Como é Cruel Viver Assim começa logo de cara no meio de uma discussão. Regina (Débora Lamm) insiste para a amiga Clívia (Fabíula Nascimento) convencer o marido Vladimir (Marcelo Valle) a realizar um sequestro, como uma forma do trio sair das graves dificuldades financeiras que enfrenta. Desempregado e sem grandes perspectivas na vida, o sujeito acaba topando entrar na jogada, trazendo consigo o malandro desajeitado Primo (Silvio Guindane). O planejamento do crime é o mote central da trama a partir dali, causa das mais diversas discussões entre o grupo.

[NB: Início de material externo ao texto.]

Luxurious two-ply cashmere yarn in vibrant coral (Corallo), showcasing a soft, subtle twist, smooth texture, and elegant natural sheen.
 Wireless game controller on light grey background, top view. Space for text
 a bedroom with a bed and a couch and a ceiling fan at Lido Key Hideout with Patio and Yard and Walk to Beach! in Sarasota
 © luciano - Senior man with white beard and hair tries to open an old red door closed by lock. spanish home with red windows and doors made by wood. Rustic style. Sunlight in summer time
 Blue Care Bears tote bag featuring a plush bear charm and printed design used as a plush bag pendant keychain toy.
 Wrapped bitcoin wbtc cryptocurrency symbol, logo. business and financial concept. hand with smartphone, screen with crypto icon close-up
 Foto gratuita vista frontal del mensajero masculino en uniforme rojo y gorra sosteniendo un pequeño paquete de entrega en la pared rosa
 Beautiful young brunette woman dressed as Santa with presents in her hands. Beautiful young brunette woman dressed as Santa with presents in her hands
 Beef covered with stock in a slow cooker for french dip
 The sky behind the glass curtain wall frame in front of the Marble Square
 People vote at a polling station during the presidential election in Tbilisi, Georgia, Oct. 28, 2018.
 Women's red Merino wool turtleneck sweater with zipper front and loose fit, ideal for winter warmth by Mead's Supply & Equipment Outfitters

Trabalhando em seu primeiro longa fora do gênero comédia romântica, Julia Rezende faz algumas escolhas estéticas interessantes. Trabalha com a câmera quase sempre em movimento e busca ângulos não tão convencionais em algumas cenas, numa tentativa clara de dar dinamismo às ações. Porém, ao mesmo tempo está limitada pela opção de dar ênfase às conversas de seus personagens, e pouco aproveita a ambientação na baixada fluminense.
Por se tratar de uma história sobre moradores de uma periferia, há ali de alguma forma implícita uma discussão social, explicitada em momentos pontuais, como na cena em que Regina faz uma entrevista de emprego para babá na casa de uma mãe de família rica e é tratada com absoluto desprezo. No entanto, o próprio filme esbarra em certos preconceitos. Exemplo disso é a insistência de Fabíula Nascimento em pronunciar palavras como “nuggets” e “mortadela” de forma errada, como se isso por si só fosse o suficiente para gerar risos. Mais bem resolvido é o momento em que Débora Lamm e Marcelo Valle discutem se alguém pisa na bola “do outro” ou “com o outro”.
Rodando sem sair do lugar, Como é Cruel Viver Assim compartilha de alguma forma o potencial não totalmente cumprido dos indivíduos que retrata: possui altas ambições, mas falta uma pitada maior de ousadia para sair do lugar-comum.